一定の地域、グループにしか受け入れられなさそうな、ありきたりななんちゃって芸術路線映画。思春期を迎えた主人公のアイデンティティーとセクシュアリティを追求するお話です。24点
C.R.A.Z.Y.のあらすじ
1959年のクリスマスに家族の4人目の子どもとして生まれたザックは厳しい父親とあまり仲の良くない兄弟たちに囲まれて育った。父親とは特別な絆で結ばれていたと信じていたが、ザックの中性的な部分が芽生えてくると保守的な父親は彼のことを毛嫌いするようになる。
ザック本人は女の子に興味を持つこともあったが、自分のセクシュアリティについては確信が持てなかった。次第に男の子に対して気持ちが偏っていったが、男家族で育ったこともあり、なかなかそれを肯定することができなかったのだ。
ザックは両親を安心させるためか、それとも自分の同性愛への目覚めを否定するためか女友達のミシェーリと付き合ったりもした。そんなある日、ザックはクラスメイトの男子と車の中で怪しいことをしている瞬間を父親に目撃されてしまう。
ザックはなにもしていないと断言するも父親はザックが性的なことをほかの男の子としていたと思い、ザックをセラピーに通わせることにする。父親が息子のホモセクシュアリティを否定すればするほどザックは居場所を失い、二人の距離は離れていくのだった。
C.R.A.Z.Y.のキャスト
- ミシェル・コーテ
- マルク=アンドレ・グロンダン
- ダニエル・プルール
- ピエール=リュック・ブリヤン
- エミール・ヴァレ
C.R.A.Z.Y.の感想と評価
「ダラス・バイヤーズクラブ」、「わたしに会うまでの1600キロ」、「雨の日は会えない、晴れた日は君を想う」、「カフェ・ド・フロール」、「ビッグ・リトル・ライズ」、などで知られるジャン=マルク・ヴァレ監督による、1960年代から70年代のカナダ、ケベックを舞台にした家族ドラマ。

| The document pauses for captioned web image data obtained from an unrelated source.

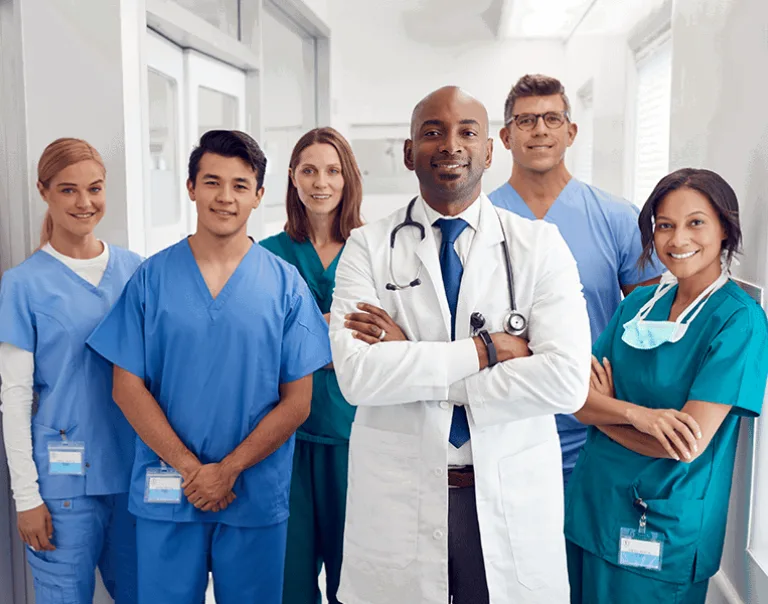 group of doctors and nurses
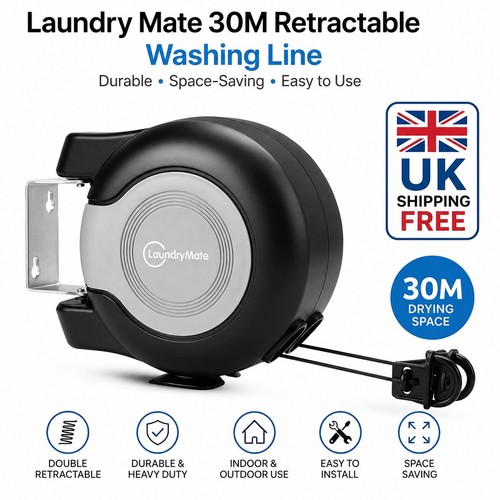 Retractable washing line 30m - washing,
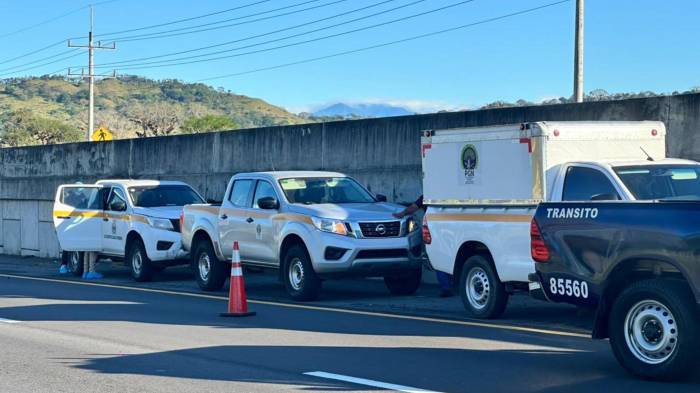 Peritos de Accidentología Forense realizaron las investigaciones en el sitio.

保守的な男家族に生まれた年ごろの主人公が同性愛に目覚め、葛藤に苦しみ家族と衝突しながらもやがて自分のセクシュアリティを受け入れていくカミングアウト青春ストーリーです。
映画の舞台となったカナダのケベックでは大ヒットしたらしく、海外での評価も高いです。しかしながら実際のところ内容は平凡でダラダラと家族喧嘩が続くだけのつまらない話になっています。
監督自身のバイオグラフィーなのかと思いきや別にそうではなくあくまでもフィクションみたいですね。有名監督の伝記ものだったらギリギリセーフかなという路線で、作り物のストーリーでなぜあえてこんなに味気のないシナリオにしたのか理解に苦しみます。
それぐらい主人公のザックにこれといった特徴がなく、ザックよりもむしろ頑固なお父さんと薬物中毒のお兄ちゃんのほうが目立っていて、インパクトを残せていませんでしたね。
見所は当時の時代を感じさせる音楽でしょうか。デビッド・ボウイ、ピンク・フロイド、ローリング・ストーンズなどのBGMを織り交ぜながらエセオシャレ映画を目指しているのは伝わってきました。ただしオシャレにはなりきれてないし、ひと昔前を舞台にした青春映画にも関わらず、懐かしさとか青春を感じる場面は少なかったです。
もっというとカナダも感じないし、ケベックも感じないし、どこの国のどの時代の映画なのかもはっきりしないような無味無臭無色な作品だなあ、という印象を受けました。
ストーリーの流れは、主人公に女性的なところが出てくる>家族が怪しむ>主人公は否定する>家族にバレて病気扱いされる>主人公は反発し家族と絶交する>あることをきっかけに仲直りする、といった感じでまあよくある同性愛ドラマのプロットですよね。
若者の性の目覚めを描くのならもっとえげつない男同士の絡みとか用意しないとダメでしょ。ほとんどなにも見せず性的な描写は暗示ばかり。そんなんで同性愛語られてもね。
これ2005年の作品なのに日本では2022年に公開されてるのもなんだかなあ、と思います。古くてつまらない映画ばかり安く輸入するのやめようよ。